New Delhi: The CBI has booked a senior public relations officers of Northeast Frontier Railways for allegedly cheating the organisation to the tune of Rs 100 crore by sanctioning payments for fake bills of tender advertisements in papers not in circulation, officials said Friday.
Senior Public Relations Officer Dilip Chandra Bora, office superintendents Haradhan Dey and Babul Chandra Medhi, Chief Publicity Inspector M M Y Alam, Accounts Assistant Hitesh Deka and Senior Cashier Prabir Das Purakayastha have been booked by the CBI in the case, they said.
It is alleged that during the period (2014-2018), the officers entered into a criminal conspiracy to cheat NF Railways by preparing and disbursing huge amounts against fake bills relating to advertisement of approved Notice Inviting Tenders (NIT) in various newspapers.
A total of 5,842 bills worth Rs 157.40 crore were submitted and cleared by these officials during the period, the agency said.
The officers allegedly abused their position and caused a loss of over Rs 100 crore, a portion of which was pocketed by them, it said.
“The suspect public servants reportedly falsely created records as if they had given NIT advertisements in the newspapers, which in fact, are not in circulation at all.

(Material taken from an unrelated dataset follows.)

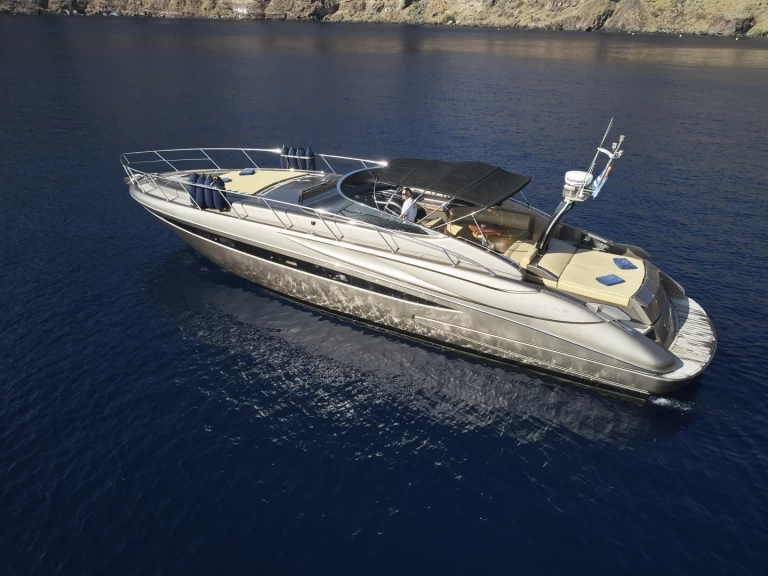 Riva RIVALE 52 charter bareboat or skippered in  Limáni Lavríou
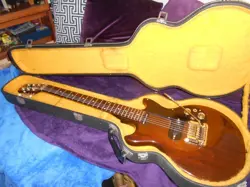 65 GIBSON MELODY MAKER REFINISH DARK BROWN W/ MODIFICATIONS AND OHSC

They have fraudulently generated and passed more than one bill for the same advertisement,” an official said.
The CBI alleged that a sum of Rs 4 crore was sufficient for giving tender advertisement for the organisation, but the officers spent 10 times more by adopting unfair means.
Senior PRO Dilip Chandra Bora had discretionary power to approve the list of newspapers in which advertisements were to be issued, but he approved those papers without any wide circulation and allowed use of big font sizes, thereby, increasing column space and amount spent, the agency alleged.
The railways had the standard practice of issuing space of 60 square cm for such advertisements, but they sanctioned bills for newspaper spaces which were 1.5 to 10 times more, it alleged.
The agency also noted that repeated payments were made for single NIT to some newspapers which were out of circulation or had very limited readership, they said.